#### Exercise description
The records follow. Transcribe only the lines from the line containing "PHILADELPHIA, PA - OCTOBER" through the end, both ends included, and leave out the pictures.

#### Input data
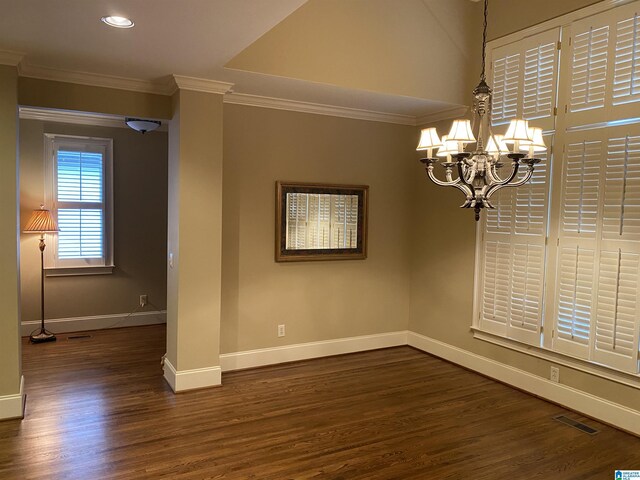 unfurnished dining area with ornamental molding, wood finished floors, visible vents, and baseboards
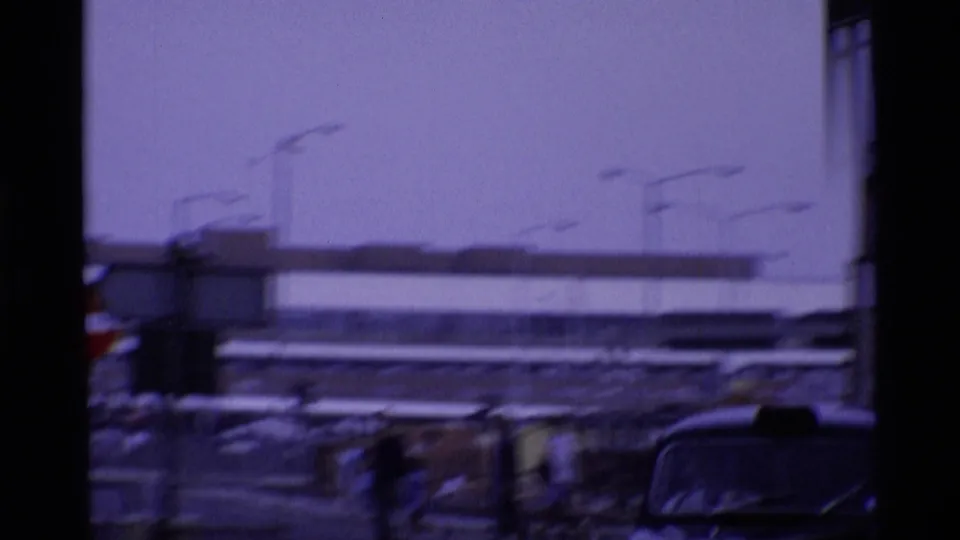 1969 London street view with motion-blurred cars, a broad modern building, and hazy blue-purple film color.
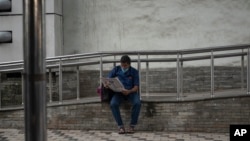 FILE - A commuter reads a newspaper outside a metro station in Kochi, Kerala state, India, Aug. 5, 2021. India is one of the most dangerous countries for media, according to Reporters Without Borders.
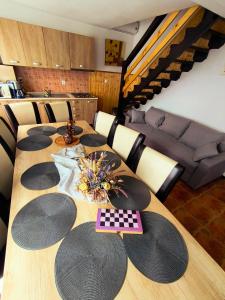 a dining room table with black hats and a couch at Cabana Geta&Mircea in Beclean +12 photos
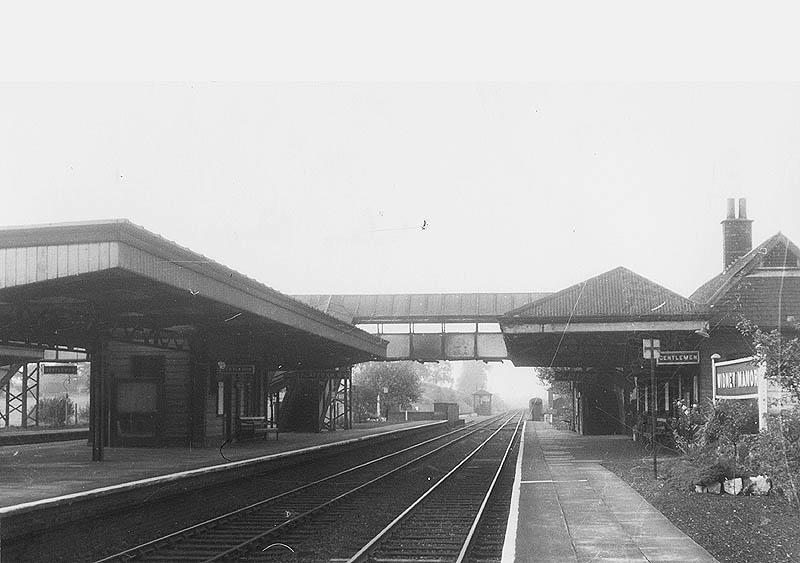 Looking towards Leamington along platform one with the signal box in the distance on 29th September 1960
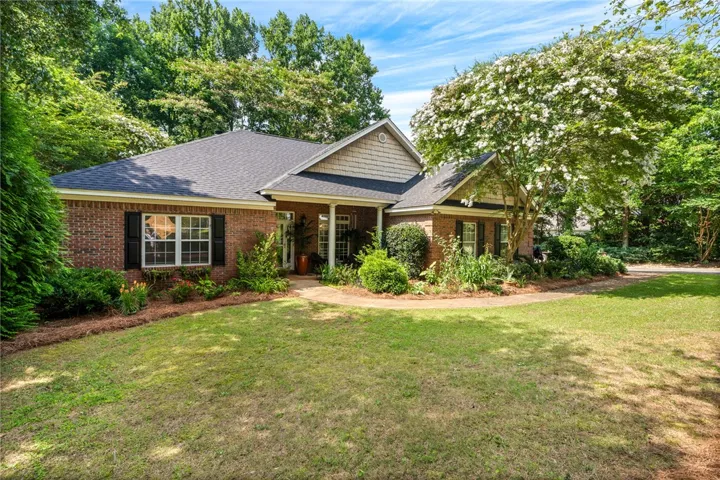 A well-maintained brick residence is surrounded by verdant landscaping, offering exceptional curb appeal.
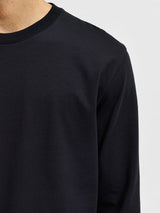 Camiseta negra de manga larga con cuello redondo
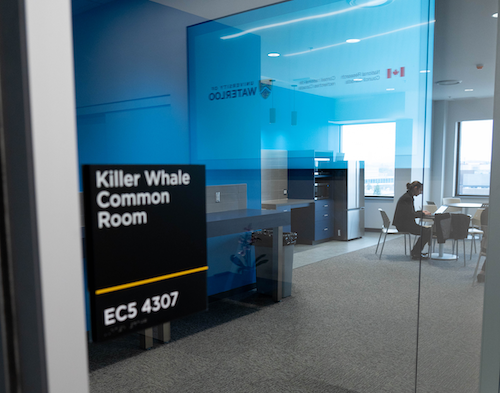 A sign indicating the &quot;Killer Whale Common Room&quot; in the collaboration hub.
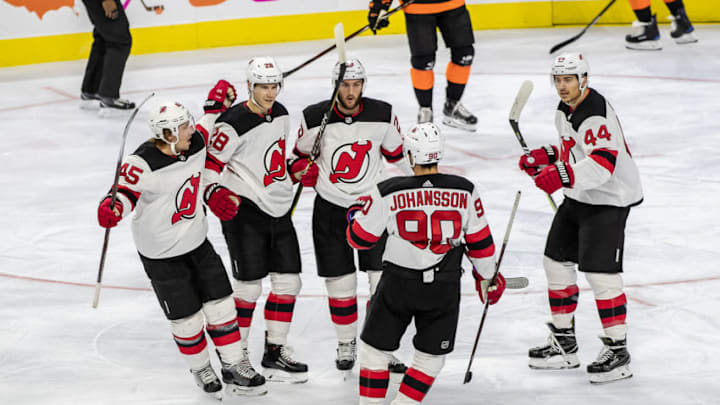 PHILADELPHIA, PA - OCTOBER 20: New Jersey Devils Marcus Johansson (90), Sami Vatanen (45), Blake Coleman (20) and Miles Wood (44) congratulate Damon Severson (28) after his goal during a game between the Philadelphia Flyers and the New Jersey Devils on October 20, 2018 at the Wells Fargo Center in Philadelphia, PA. (Photo by John McCreary/Icon Sportswire via Getty Images)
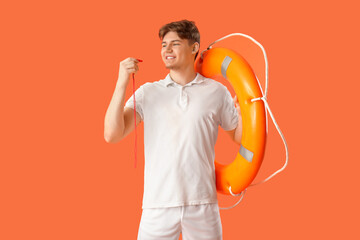 Male lifeguard with ring buoy and whistle on orange background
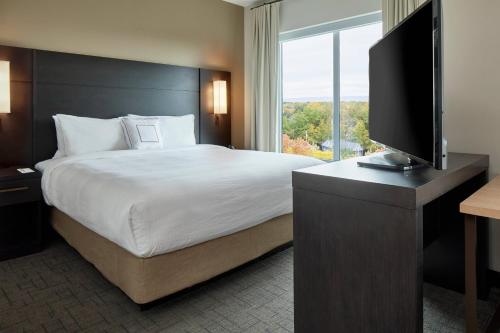 Estudio con 1 cama extragrande, sofá cama y bañera adaptada - Adaptado para personas con movilidad reducida del hotel Residence Inn by Marriott Albany Airport. Foto 2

#### Expected answer
 PHILADELPHIA, PA - OCTOBER 20: New Jersey Devils Marcus Johansson (90), Sami Vatanen (45), Blake Coleman (20) and Miles Wood (44) congratulate Damon Severson (28) after his goal during a game between the Philadelphia Flyers and the New Jersey Devils on October 20, 2018 at the Wells Fargo Center in Philadelphia, PA. (Photo by John McCreary/Icon Sportswire via Getty Images)
 Male lifeguard with ring buoy and whistle on orange background
 Estudio con 1 cama extragrande, sofá cama y bañera adaptada - Adaptado para personas con movilidad reducida del hotel Residence Inn by Marriott Albany Airport. Foto 2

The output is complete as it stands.